On 17/07/2019 10:46, T i m wrote:
On Wed, 17 Jul 2019 01:51:20 +0100, John Rumm
wrote:

On 15/07/2019 20:13, T i m wrote:
On Mon, 15 Jul 2019 17:51:46 +0100, John Rumm
wrote:

snip

Can't say I was that impressed with the Baffalo NAS I saw.

In this case 'beggars can't be choosers' John. ;-)


I have wasted enough time working with not quite good enough kit to be
quite a choosy beggar!


Understood. The thing is, I understand these TeraStations (4 bay) were
quite expensive when new (over £1000) and I'm not sure I could justify
such a thing for home use. The thought being I would therefore have a
business grade NAS that might (in itself) be more reliable than a
consumer grade NAS?


I don't know if the 4 bay ones are any better - but the thing that
really let down the 2 bay ones I have seen is the software. It might be
they have improved in the last couple of years.
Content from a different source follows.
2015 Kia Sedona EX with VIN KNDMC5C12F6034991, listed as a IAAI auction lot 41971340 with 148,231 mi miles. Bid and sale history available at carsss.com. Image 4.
(also the price when new is not an overall indication of comparative
quality - you could buy a new QNAP 453A for ~£360 now)

If you want
"simple and works" Netgear readynas are good.

Ok. I have seen them on eBay. (Just trying not to go there again),
could it have been a D-Link NAS that required (forced) you to create
an online account and the NAS was linked to it or might that be an
option on most of them for remote access?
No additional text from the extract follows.